Last updated: Sun 5 Apr 2015, 3:55 PM

As things stand now, years of battling alien elements along the difficult Afghan border have yielded little save mounting casualties, suicide violence spilling over into other provinces and an army on the retreat as militants gather material and psychological success. Yet practically all capitals that matter — Washington, Kabul, New Delhi — seemingly still prefer playing the political game, betraying little realisation about the wider region's fortunes in case Pakistan actually collapses.

Latest news reports suggest fresh successes for militants who have renewed their grip on key strategic locations, while raising fresh attacks on tourist towns of not long ago. Going by precedent, the government should not be surprised if the renewed momentum can prompt a rerun of the Peshawar stockade, when suddenly the centre was faced with a crucial provincial capital siege.

Ironically, the tragedy unfolds just when Islamabad is riddled in political webs of the ilks that have not been witnessed in decades.

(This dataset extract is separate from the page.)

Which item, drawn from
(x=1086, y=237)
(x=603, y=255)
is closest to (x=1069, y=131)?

Both internal and external forces are pursuing deadly dangerous agendas with reckless abandon, undermining the credibility of the federation to hold more pressure. While not at it just yet, Islamabad might not be too far from the point where the proverbial feather can break the camel's back.

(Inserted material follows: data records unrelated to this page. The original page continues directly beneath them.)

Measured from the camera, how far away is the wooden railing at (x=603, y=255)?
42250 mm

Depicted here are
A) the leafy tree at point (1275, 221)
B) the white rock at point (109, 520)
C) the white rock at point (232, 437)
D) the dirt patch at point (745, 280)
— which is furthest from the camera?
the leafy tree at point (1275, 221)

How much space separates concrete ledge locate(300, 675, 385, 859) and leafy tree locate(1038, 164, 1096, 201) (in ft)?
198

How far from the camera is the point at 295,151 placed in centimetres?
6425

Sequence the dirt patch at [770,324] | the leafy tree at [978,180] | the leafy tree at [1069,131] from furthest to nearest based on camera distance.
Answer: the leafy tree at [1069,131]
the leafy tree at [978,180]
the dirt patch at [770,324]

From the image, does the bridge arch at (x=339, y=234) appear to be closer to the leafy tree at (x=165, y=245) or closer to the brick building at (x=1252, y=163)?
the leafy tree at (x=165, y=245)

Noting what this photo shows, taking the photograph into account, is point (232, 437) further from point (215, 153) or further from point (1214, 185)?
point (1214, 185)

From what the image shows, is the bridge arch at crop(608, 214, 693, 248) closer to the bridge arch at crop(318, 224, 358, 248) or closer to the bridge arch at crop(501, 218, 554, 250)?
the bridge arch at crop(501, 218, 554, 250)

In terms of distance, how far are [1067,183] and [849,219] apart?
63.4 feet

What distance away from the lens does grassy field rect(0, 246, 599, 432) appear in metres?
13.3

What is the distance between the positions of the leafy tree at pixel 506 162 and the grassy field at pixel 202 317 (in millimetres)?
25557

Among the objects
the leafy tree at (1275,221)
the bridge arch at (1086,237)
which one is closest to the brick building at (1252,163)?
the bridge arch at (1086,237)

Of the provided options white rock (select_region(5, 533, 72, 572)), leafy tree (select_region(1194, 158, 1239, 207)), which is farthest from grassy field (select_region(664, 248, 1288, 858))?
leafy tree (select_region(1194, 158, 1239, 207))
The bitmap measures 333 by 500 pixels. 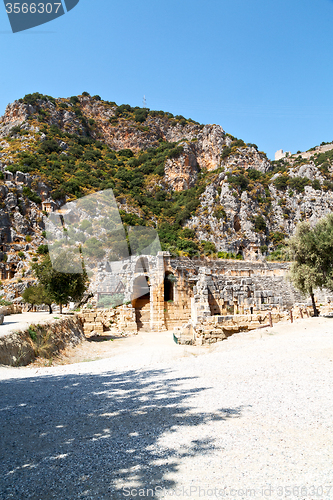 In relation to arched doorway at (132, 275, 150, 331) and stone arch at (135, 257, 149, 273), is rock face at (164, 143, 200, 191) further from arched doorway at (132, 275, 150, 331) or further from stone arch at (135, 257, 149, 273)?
arched doorway at (132, 275, 150, 331)

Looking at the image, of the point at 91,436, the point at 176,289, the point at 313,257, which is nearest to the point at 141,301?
the point at 176,289

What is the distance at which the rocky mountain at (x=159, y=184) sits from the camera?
45.3 meters

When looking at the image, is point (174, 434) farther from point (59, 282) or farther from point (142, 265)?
point (142, 265)

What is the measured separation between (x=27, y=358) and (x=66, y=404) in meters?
5.21

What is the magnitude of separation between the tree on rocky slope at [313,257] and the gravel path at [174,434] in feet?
27.8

Falling upon lessons of history again, seasoned commentators' frustration is understandable as their warnings against undue outside pressure fall on deaf ears where common interests collide in the war-on-terror's dark alleys. For their own good, India, Afghanistan and America must be prepared to go out of their way to ensure Pakistan's stability and safety. Pakistan has juggled with the Afghan problem ever since Soviet troops landed in Kabul that fateful Chirstmas Day of '79. It understands better than most the costs of getting caught in the cross hairs of the narco, Kalashnikov and refugee onslaught.

As the menace of terrorism spreads, which India and the like would no doubt attest to now, the need to learn from others' experiences mandates much closer cooperation than politics of advantage permit. Kabul, Delhi and Washington must either take the pressure off Islamabad and help with its problems, or ultimately bear the responsibility of suicide violence spreading at a frightening pace.